Many aspects of the FFIR proposed system have become operational in their own right (e.g., radar improvements, Section 5.1) and these are indicated throughout the following sections. Other aspects such as the data assimilation of soil moisture and links between land surface modelling and hydrology, although researched within the programme (e.g., [30,31])*, are not covered within this article due to the results not directly considering flooding from intense rainfall. This was because the models/data used were not able to represent the small scales at which flooding from intense rainfall occurs.

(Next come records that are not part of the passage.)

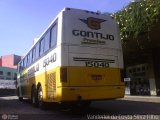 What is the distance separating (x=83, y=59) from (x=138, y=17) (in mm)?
6448

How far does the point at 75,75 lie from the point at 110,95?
4.87 ft

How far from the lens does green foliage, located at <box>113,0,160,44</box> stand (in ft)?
50.5

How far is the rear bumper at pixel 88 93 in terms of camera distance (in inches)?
408

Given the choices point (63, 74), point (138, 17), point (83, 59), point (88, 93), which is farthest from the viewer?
point (138, 17)

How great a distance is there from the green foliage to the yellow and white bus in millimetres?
4058

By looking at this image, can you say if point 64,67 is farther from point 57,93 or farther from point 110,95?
point 110,95

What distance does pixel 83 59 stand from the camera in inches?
432

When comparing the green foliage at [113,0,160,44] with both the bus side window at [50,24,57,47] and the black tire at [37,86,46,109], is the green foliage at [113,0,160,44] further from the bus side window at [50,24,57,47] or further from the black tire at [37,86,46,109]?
the black tire at [37,86,46,109]

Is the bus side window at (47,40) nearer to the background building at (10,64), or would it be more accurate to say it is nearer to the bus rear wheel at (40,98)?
the bus rear wheel at (40,98)

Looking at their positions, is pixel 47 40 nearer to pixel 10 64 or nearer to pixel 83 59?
pixel 83 59

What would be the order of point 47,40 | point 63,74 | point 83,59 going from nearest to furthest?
1. point 63,74
2. point 83,59
3. point 47,40

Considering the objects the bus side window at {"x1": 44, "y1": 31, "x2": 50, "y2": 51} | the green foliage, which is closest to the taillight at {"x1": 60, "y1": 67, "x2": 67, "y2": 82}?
the bus side window at {"x1": 44, "y1": 31, "x2": 50, "y2": 51}

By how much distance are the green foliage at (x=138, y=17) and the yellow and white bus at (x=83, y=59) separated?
4.06 metres

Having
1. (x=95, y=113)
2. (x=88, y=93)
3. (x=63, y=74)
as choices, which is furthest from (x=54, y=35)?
(x=95, y=113) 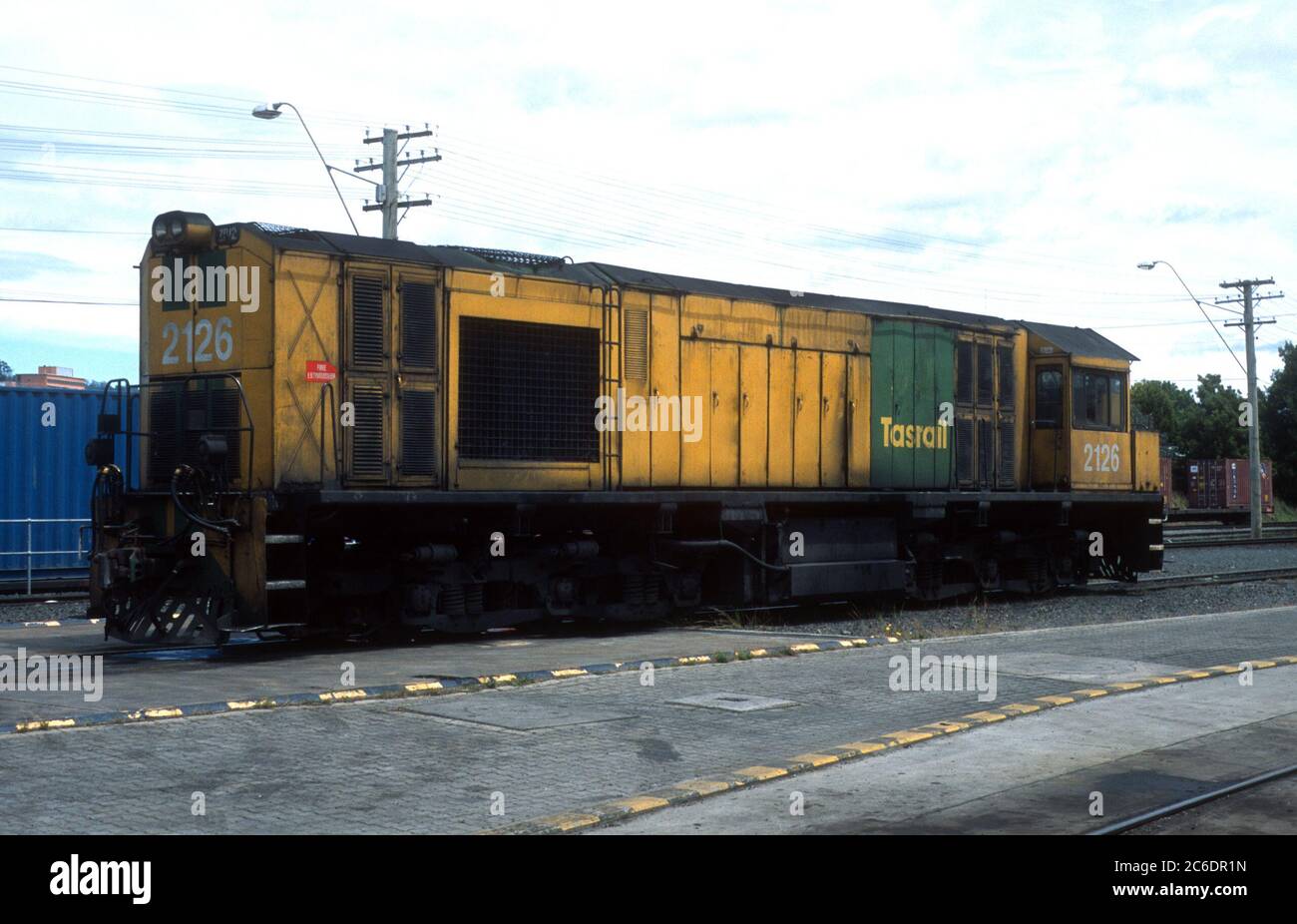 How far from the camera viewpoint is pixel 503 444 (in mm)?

4. Improving the Lead Time for Flooding From Intense Rainfall Forecasts

One of the challenges of forecasting flooding from intense rainfall is the short lead time between identifying a convective feature in the NWP model that could lead to flooding, and the flooding occurring. Being able to identify weather systems further in advance that have the potential to result in flooding from intense rainfall would enable increased preparedness. This could be achieved through raising the awareness of a potential event to flood forecasters in advance, increasing the number of staff on operational duty, or running the more computationally demanding urban flood models. Therefore the FFIR programme looked for indications of whether flooding from intense rainfall was likely to occur days in advance.

The main drivers of winter rainfall are extra-tropical cyclones (e.g., [32]) and UK winter flooding has been linked with Atmospheric Rivers, bands of intense moisture transport within the warm sector of these cyclones (e.g., [33]). However, the most intense summer rainfall events based on an assessment of daily rain gauges are not found to be associated with these larger-scale atmospheric features [34]*. Therefore, different drivers such as moisture convergence [35] and stability [36] are more likely to have an influence on the large-scale weather conditions leading to flooding from intense rainfall.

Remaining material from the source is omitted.